To date, Ed Sheeran has three albums out. + (2011), x - (2014), and Divide (2017). When I completed a sentiment analysis for his second album ‘x’ I was shocked by the results. Sheeran’s second album actually shows a greater negative sentiment across the most popular words in the album. As seen previously, his most recent album, ‘Divide’ has a highly-dominated positive sentiment for the most popular words. The variability in sentiments across all three albums is quite interesting. Ed Sheeran once said that each song he writes is either an expression of himself as an artist or a form of therapy. After taking a deeper look into the songs on his second album, they sound more depressing compared to the songs in + and divide. For example there are songs titled Runaway, Make It Rain, and I’m a Mess. Overall, this could explain the predominately negative sentiment.

## # A tibble: 814 x 2
##    word          n
##    <chr>     <int>
##  1 love         85
##  2 ye           75
##  3 baby         39
##  4 girl         22
##  5 barcelona    20
##  6 yeah         20
##  7 day          18
##  8 time         18
##  9 wanna        18
## 10 body         17
## # … with 804 more rows





The Weeknd

The Weeknd also has three albums, Kiss Land (2013), Beauty Behind the Madness (2015), and Starboy (2016). It seems like the sentiment analysis for his second album was similar to the first. Then, his most recent album Starboy has completely predominately negative sentiments. I decided to read more about the album Starboy. An article was released that said this album actually created a genre of its own. Many critics said that The Weeknd took more risks with his sound in Starboy. It could be that The Weeknd was trying to explore a different side of himself as an artist through this album, which in turn had a larger amount of negative sentiment scores compared to his first two.





Conclusion

One similarity among all genres and albums is that words like “love” and “yeah” are among the most popular words. The most interesting question that remains is why do some artists, such as The Weeknd, have a fairly even sentiment in their first album to mostly negative words in their most recent album? This pattern was also consistent with Eminem and Kanye. The Weeknd falls under the Contemporary R&B genre while Eminem and Kanye fall under the hip hop genre. I would consider these genres more “hard-core” compared to the rest, so maybe this pattern is consistent with these types of genres.

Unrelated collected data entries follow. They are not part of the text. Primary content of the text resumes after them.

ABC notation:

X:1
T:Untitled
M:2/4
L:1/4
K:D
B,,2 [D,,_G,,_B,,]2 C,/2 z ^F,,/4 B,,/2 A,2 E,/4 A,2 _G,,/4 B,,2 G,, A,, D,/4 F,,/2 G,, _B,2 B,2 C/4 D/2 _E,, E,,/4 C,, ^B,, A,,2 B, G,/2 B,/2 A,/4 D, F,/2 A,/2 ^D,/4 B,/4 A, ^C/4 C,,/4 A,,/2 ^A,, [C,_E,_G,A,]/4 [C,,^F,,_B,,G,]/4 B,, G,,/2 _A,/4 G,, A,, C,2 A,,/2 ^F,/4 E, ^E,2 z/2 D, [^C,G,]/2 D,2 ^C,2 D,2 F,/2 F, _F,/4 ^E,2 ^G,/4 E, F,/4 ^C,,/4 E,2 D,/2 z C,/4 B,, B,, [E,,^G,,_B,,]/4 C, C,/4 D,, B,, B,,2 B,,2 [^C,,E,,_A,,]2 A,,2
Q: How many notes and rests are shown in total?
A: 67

Similarly, why do some artists have higher popular lyric sentiment ratings in their most recent albums? Ed Sheeran and Coldplay resemble these patterns. Ed Sheeran falls under the Pop genre and Coldplay falls under the Alternative Rock genre. Both of these genres are more light-hearted compared to Contemporary R&B and Hip Hop.

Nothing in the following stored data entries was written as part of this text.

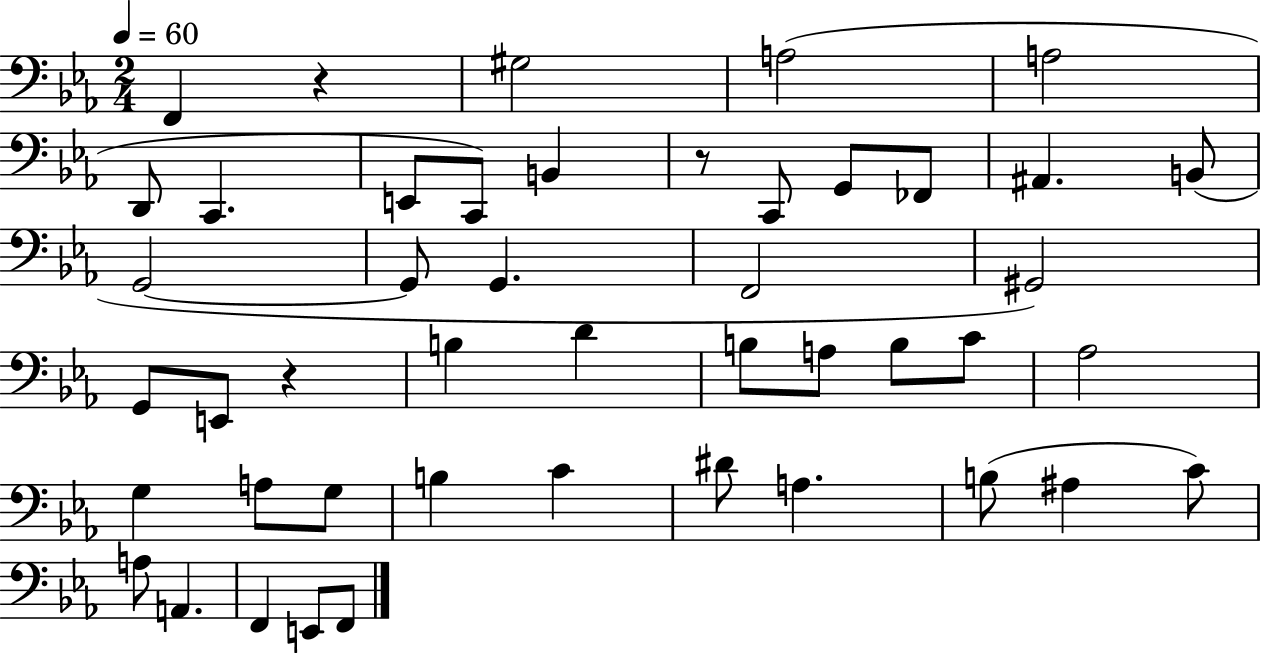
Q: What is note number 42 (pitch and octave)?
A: E2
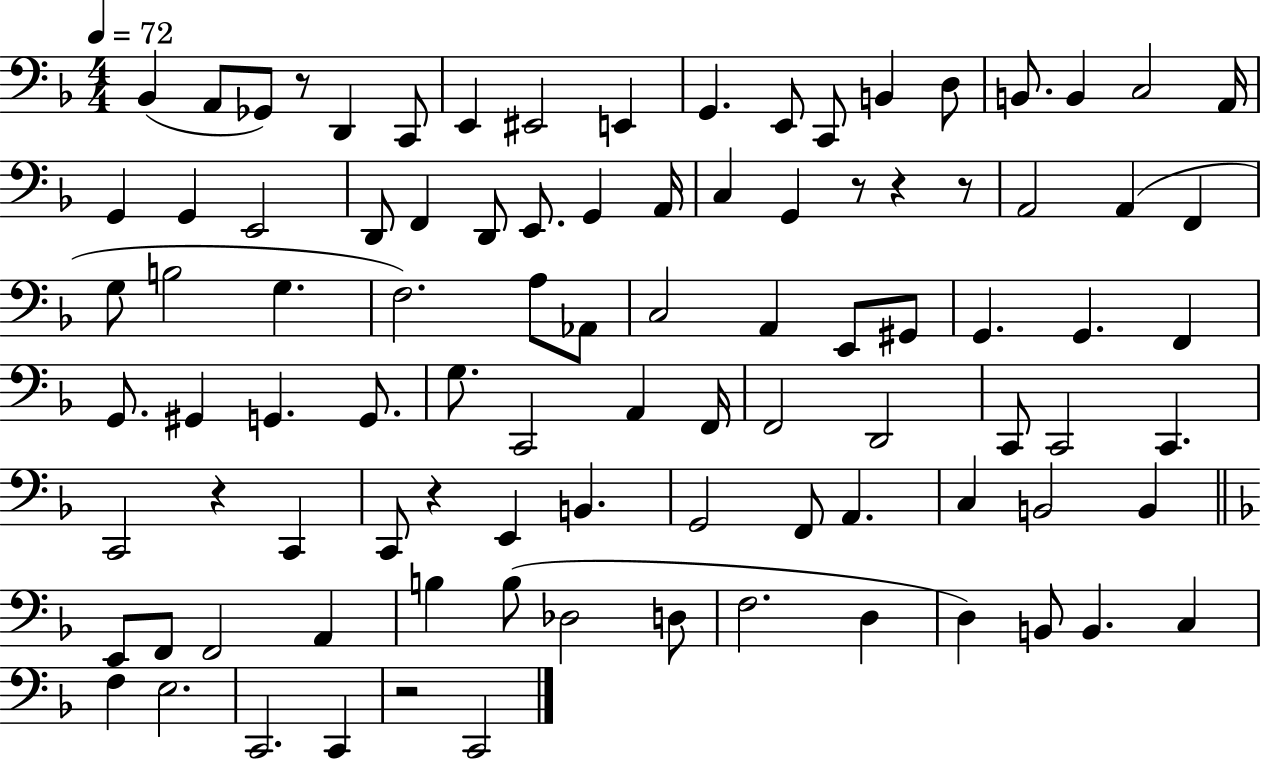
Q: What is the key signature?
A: F major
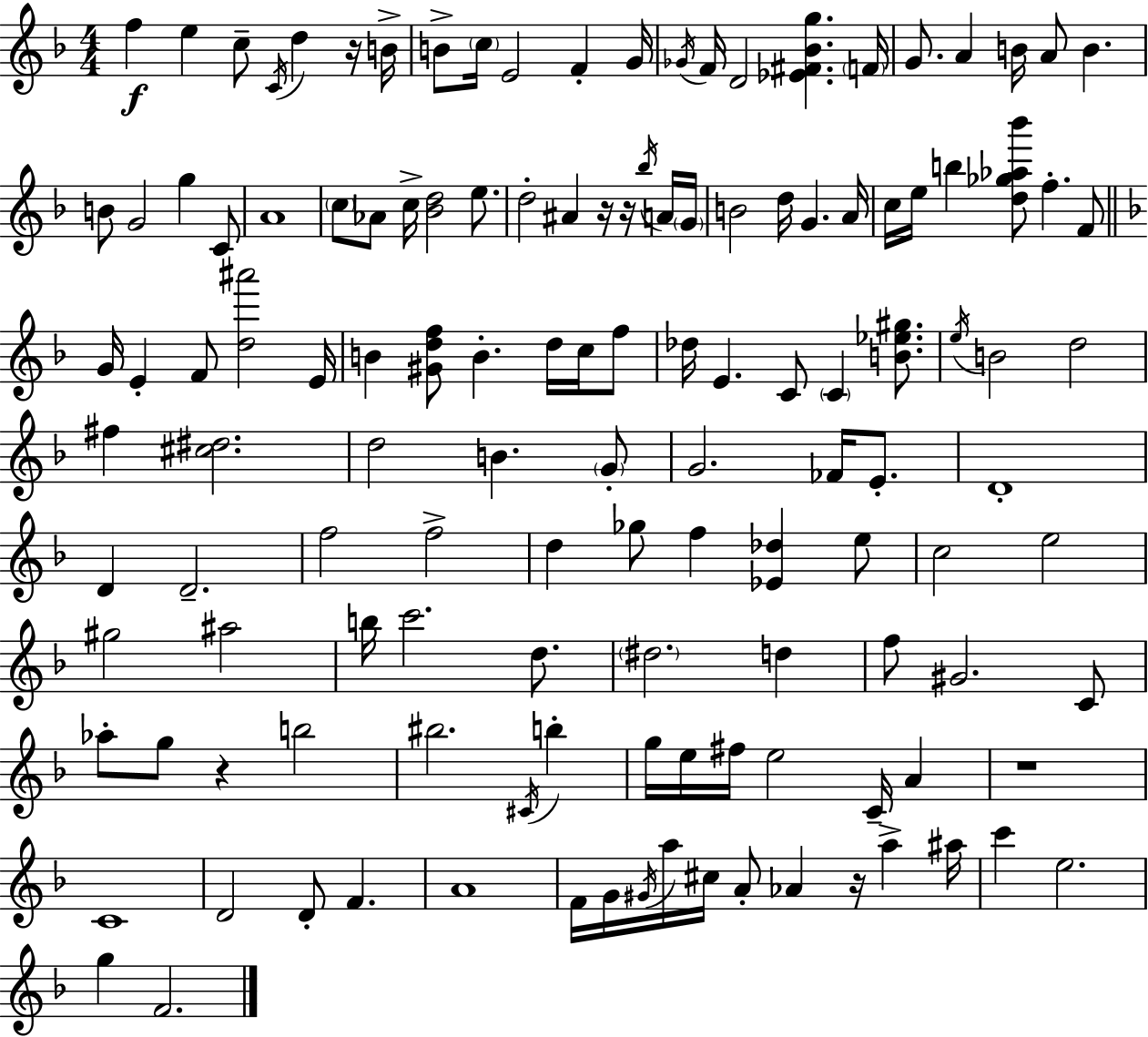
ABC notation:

X:1
T:Untitled
M:4/4
L:1/4
K:Dm
f e c/2 C/4 d z/4 B/4 B/2 c/4 E2 F G/4 _G/4 F/4 D2 [_E^F_Bg] F/4 G/2 A B/4 A/2 B B/2 G2 g C/2 A4 c/2 _A/2 c/4 [_Bd]2 e/2 d2 ^A z/4 z/4 _b/4 A/4 G/4 B2 d/4 G A/4 c/4 e/4 b [d_g_a_b']/2 f F/2 G/4 E F/2 [d^a']2 E/4 B [^Gdf]/2 B d/4 c/4 f/2 _d/4 E C/2 C [B_e^g]/2 e/4 B2 d2 ^f [^c^d]2 d2 B G/2 G2 _F/4 E/2 D4 D D2 f2 f2 d _g/2 f [_E_d] e/2 c2 e2 ^g2 ^a2 b/4 c'2 d/2 ^d2 d f/2 ^G2 C/2 _a/2 g/2 z b2 ^b2 ^C/4 b g/4 e/4 ^f/4 e2 C/4 A z4 C4 D2 D/2 F A4 F/4 G/4 ^G/4 a/4 ^c/4 A/2 _A z/4 a ^a/4 c' e2 g F2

Examining Ed Sheeran and The Weeknd further also produced interesting results. Sheeran’s sentiment scores were all across the board depending on the album. On the other hand, The Weeknd had similar sentiment scores for his first two albums, and then his most recent album had predominantly negative sentiment scores.

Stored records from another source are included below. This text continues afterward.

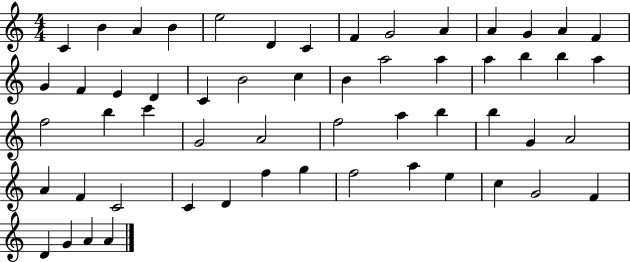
{
  \clef treble
  \numericTimeSignature
  \time 4/4
  \key c \major
  c'4 b'4 a'4 b'4 | e''2 d'4 c'4 | f'4 g'2 a'4 | a'4 g'4 a'4 f'4 | \break g'4 f'4 e'4 d'4 | c'4 b'2 c''4 | b'4 a''2 a''4 | a''4 b''4 b''4 a''4 | \break f''2 b''4 c'''4 | g'2 a'2 | f''2 a''4 b''4 | b''4 g'4 a'2 | \break a'4 f'4 c'2 | c'4 d'4 f''4 g''4 | f''2 a''4 e''4 | c''4 g'2 f'4 | \break d'4 g'4 a'4 a'4 | \bar "|."
}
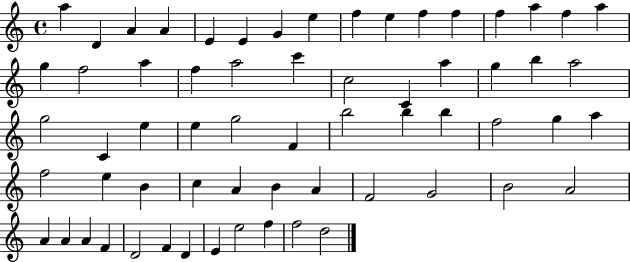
A5/q D4/q A4/q A4/q E4/q E4/q G4/q E5/q F5/q E5/q F5/q F5/q F5/q A5/q F5/q A5/q G5/q F5/h A5/q F5/q A5/h C6/q C5/h C4/q A5/q G5/q B5/q A5/h G5/h C4/q E5/q E5/q G5/h F4/q B5/h B5/q B5/q F5/h G5/q A5/q F5/h E5/q B4/q C5/q A4/q B4/q A4/q F4/h G4/h B4/h A4/h A4/q A4/q A4/q F4/q D4/h F4/q D4/q E4/q E5/h F5/q F5/h D5/h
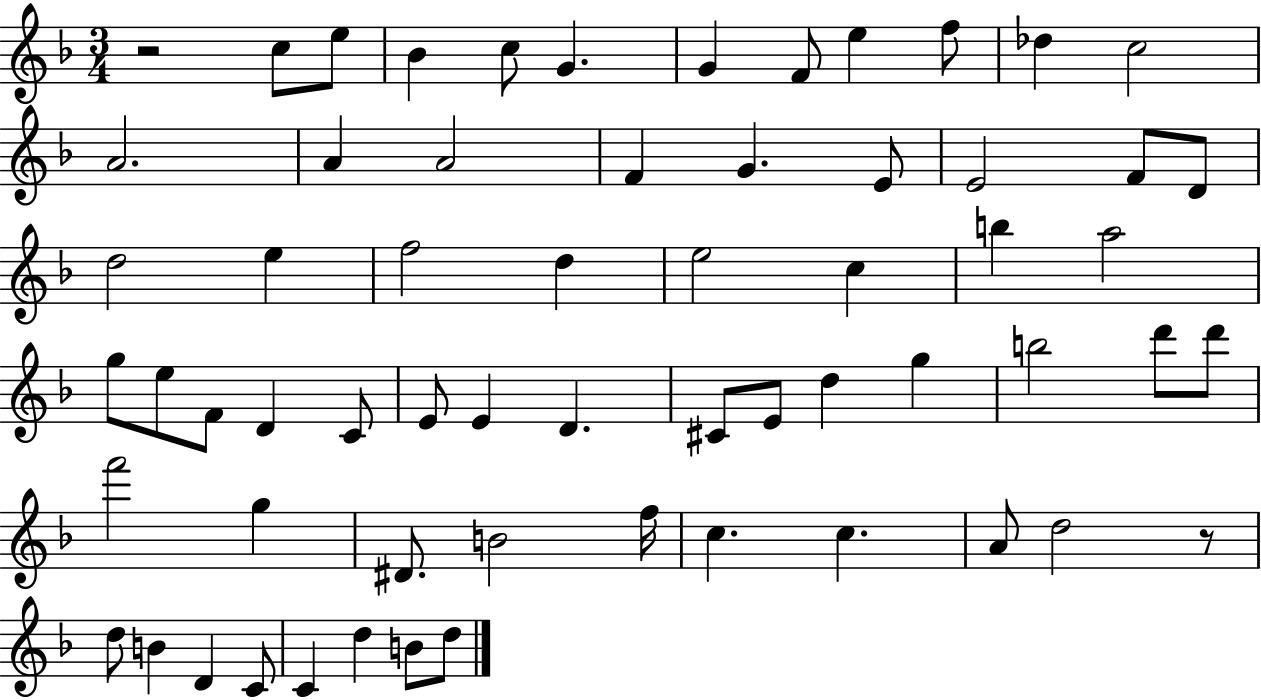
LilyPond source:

{
  \clef treble
  \numericTimeSignature
  \time 3/4
  \key f \major
  r2 c''8 e''8 | bes'4 c''8 g'4. | g'4 f'8 e''4 f''8 | des''4 c''2 | \break a'2. | a'4 a'2 | f'4 g'4. e'8 | e'2 f'8 d'8 | \break d''2 e''4 | f''2 d''4 | e''2 c''4 | b''4 a''2 | \break g''8 e''8 f'8 d'4 c'8 | e'8 e'4 d'4. | cis'8 e'8 d''4 g''4 | b''2 d'''8 d'''8 | \break f'''2 g''4 | dis'8. b'2 f''16 | c''4. c''4. | a'8 d''2 r8 | \break d''8 b'4 d'4 c'8 | c'4 d''4 b'8 d''8 | \bar "|."
}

So, does musical success have an effect on the sentiment of lyrics? Based off of the afinn sentiment analysis it seems like most albums, regardless of the genre, started out with a fairly even sentiment. Then, as time went on and the most recent album was examined, the sentiments of the most popular lyrics became more positive, more negative or were similar to the first album. In other words, for some artists, there seems to be a correlation between time and sentiment scores. This leads me to believe that the artists who had a greater positive or negative sentiment in their most recent albums were influenced at some point in their career.





Future Research

I think there is a lot more to explore in this topic. First and foremost, if I had more time it would be interesting to complete a greater in depth analysis of all of the albums for each artist to see how the sentiments were changing for each album. I did look at Ed Sheeran and The Weeknd because their results between the first and most recent album were the most different compared to the other artists. That being said, being able to look at every album for each top artist would be very interesting and would explain more what happens over time. Additionally, I think using a different lexicon for the sentiment analysis would produce different results.